Истории Фирозша-Баг — страница 31 из 52

– МКК никогда не забудет, сколько новых мячей им пришлось в тот день ввести в игру из-за смертоносных ударов Савукши. В их ежегодном бюджете на покупку мячей наметилась брешь. Любая другая бита давно сломалась бы от такой нагрузки, но у Савукши она была смазана особым составом масел секретной формулы, которую сообщил ему садху[141], однажды увидевший, как Савукша еще мальчиком играл в крикет. Впрочем, Савукша говорил, что настоящий его секрет – практика, много-много практики. И это его совет, который он дал бы всем молодым ребятам, желающим играть в крикет.

История явно закончилась, но никто из мальчишек уходить не собирался.

– Расскажите нам о других матчах, в которых играл Савукша, – попросили они.

– Других не было. Это был его величайший матч. Так или иначе, Савукша недолго играл в крикет, потому что вскоре после матча с МКК он стал чемпионом по велосипедному спорту, самым быстрым человеком на двух колесах. А потом прыгал с шестом. Когда он, держась за шест, изящно и плавно перелетал через планку, это было похоже на полет птицы. Но и прыжки он скоро бросил, став охотником, самым могучим охотником на свете, совершенно бесстрашным и таким искусным, что мог выстрелом из ружья с четвертого этажа корпуса «А» отстрелить ус коту на заднем дворе корпуса «С».
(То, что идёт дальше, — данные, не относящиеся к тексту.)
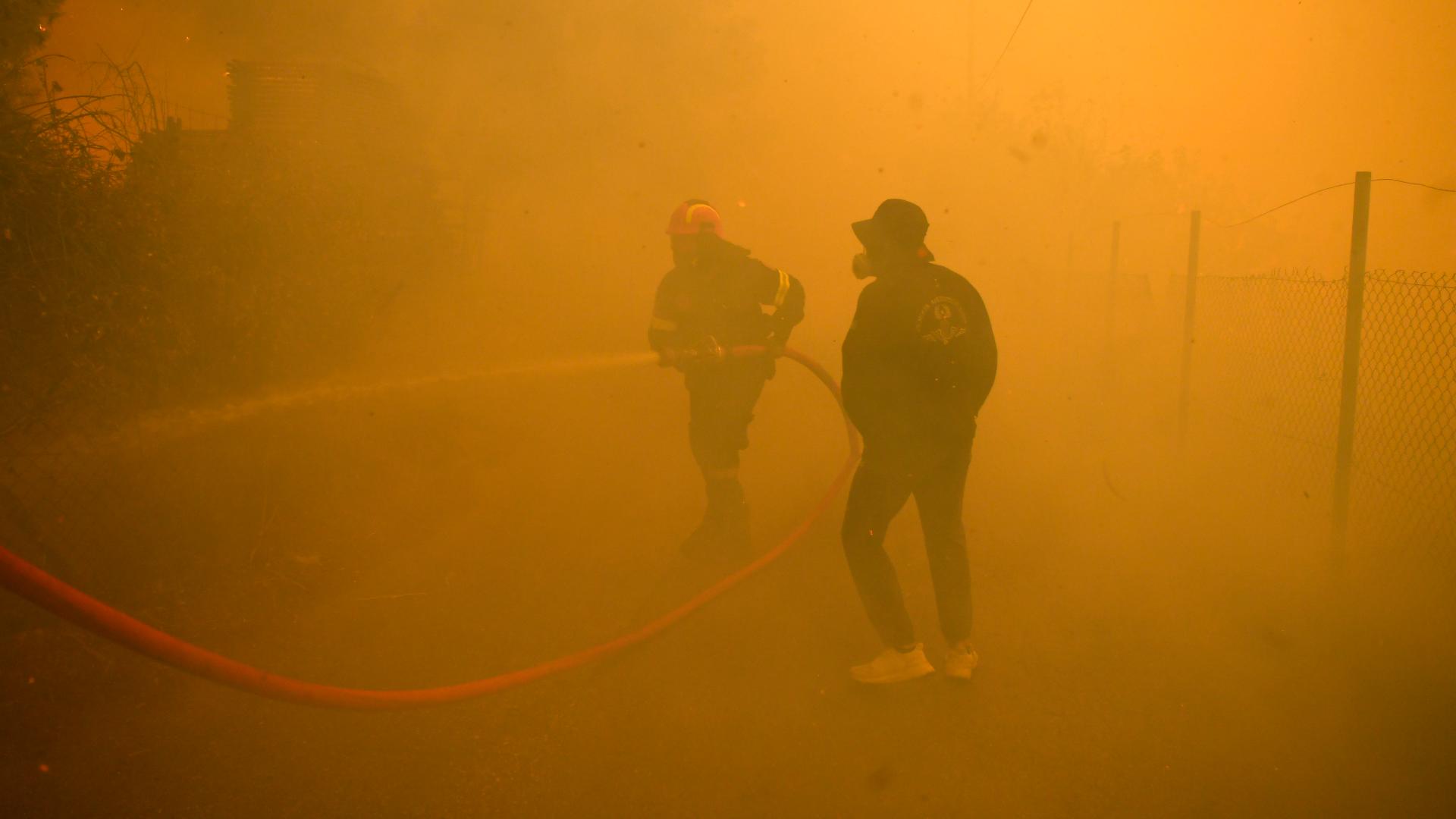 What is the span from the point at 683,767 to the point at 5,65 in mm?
4085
– Расскажите про это, – настаивали ребята, – про то, каким Савукша был охотником!

Пришла толстая айя Джакайли, чтобы забрать домой двух детей дипломированного бухгалтера-эксперта. Но они отказывались идти, пока не услышат историю про охотника Савукшу. Когда она начала их бранить и обстановка несколько накалилась, некоторые мальчишки решили вспомнить про привидение, которое когда-то являлось Джакайли:

– Айя, бхут! Айя, бхут!

Нариман предостерегающе поднял палец – эта тема в Фирозша-Баг была под запретом. Никто из взрослых не торопился снова пережить непотребные и возмутительные события, однажды начавшиеся с Песи-падмару и его игр в привидение.

Джакайли села, не желая возвращаться домой без детей, и шепотом попросила Наримана рассказывать покороче. Запах жареной рыбы, щекотавший ноздри Наримана, тем временем нахально проник глубже и разбередил его желудочные соки. Но Нариману давно хотелось рассказать историю об охотнике Савукше.
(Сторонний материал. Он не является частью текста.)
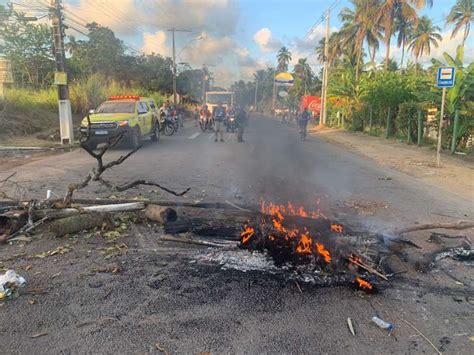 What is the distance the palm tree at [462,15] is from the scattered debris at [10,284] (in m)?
50.3

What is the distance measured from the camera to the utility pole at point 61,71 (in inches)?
631

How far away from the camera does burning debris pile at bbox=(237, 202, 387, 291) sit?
4.19 metres

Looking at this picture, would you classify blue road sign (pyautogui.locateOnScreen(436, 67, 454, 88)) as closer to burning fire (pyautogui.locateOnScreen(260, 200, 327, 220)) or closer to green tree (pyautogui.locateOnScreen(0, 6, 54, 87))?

– Савукша всегда охотился один, так ему больше нравилось. В жизни охотника Савукши много разных событий, но я расскажу вам об одном, очень страшном. Страшном для нас, конечно, ибо Савукша никогда ничего не боялся. А случилось вот что. Однажды вечером он устроился на ночевку, разжег костер и согрел себе миску куриного дхансака[142].
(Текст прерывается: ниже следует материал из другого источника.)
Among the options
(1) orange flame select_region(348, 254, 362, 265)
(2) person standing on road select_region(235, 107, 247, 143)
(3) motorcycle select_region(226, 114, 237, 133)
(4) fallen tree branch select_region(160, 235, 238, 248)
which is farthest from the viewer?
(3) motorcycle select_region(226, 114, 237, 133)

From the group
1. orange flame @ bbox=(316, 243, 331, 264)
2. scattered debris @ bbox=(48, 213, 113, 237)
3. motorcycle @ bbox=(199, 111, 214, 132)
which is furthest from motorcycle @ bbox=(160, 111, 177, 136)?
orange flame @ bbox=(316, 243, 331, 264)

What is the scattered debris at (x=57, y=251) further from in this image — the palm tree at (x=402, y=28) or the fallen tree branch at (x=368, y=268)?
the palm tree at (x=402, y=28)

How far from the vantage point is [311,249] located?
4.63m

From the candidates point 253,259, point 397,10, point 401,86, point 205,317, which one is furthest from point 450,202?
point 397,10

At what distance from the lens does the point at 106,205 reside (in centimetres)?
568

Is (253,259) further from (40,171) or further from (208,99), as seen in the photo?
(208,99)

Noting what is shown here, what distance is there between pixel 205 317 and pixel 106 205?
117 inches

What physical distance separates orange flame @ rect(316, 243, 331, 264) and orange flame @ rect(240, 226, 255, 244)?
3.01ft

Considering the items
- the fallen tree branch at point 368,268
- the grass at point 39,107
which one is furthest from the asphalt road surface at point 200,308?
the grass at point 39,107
Жареная рыба вызвала у Наримана зверский аппетит, и тема куриного дхансака возникла отнюдь не случайно. Сглатывая слюну, он мужественно продолжал:

– Миссис Савукша была знаменита своим дхансаком ничуть не меньше, чем ее муж охотой. Обычно она клала в блюдо тамаринд и баклажан, кориандр и зиру, гвоздику и корицу и десятки других никому не известных специй. Женщины обычно приходили к их дому издалека, стояли под окном, когда она готовила, наслаждались ароматами и пытались разгадать кулинарный секрет. Они надеялись распознать ингредиенты блюда по запахам, которые выплывали из окна слой за слоем и становились все более изысканными и аппетитными. Но всякий раз эти восхитительные ароматы одурманивали женщин, и они просто отдавались наслаждению, позабыв о том, зачем пришли. Секрет миссис Савукши был надежно защищен.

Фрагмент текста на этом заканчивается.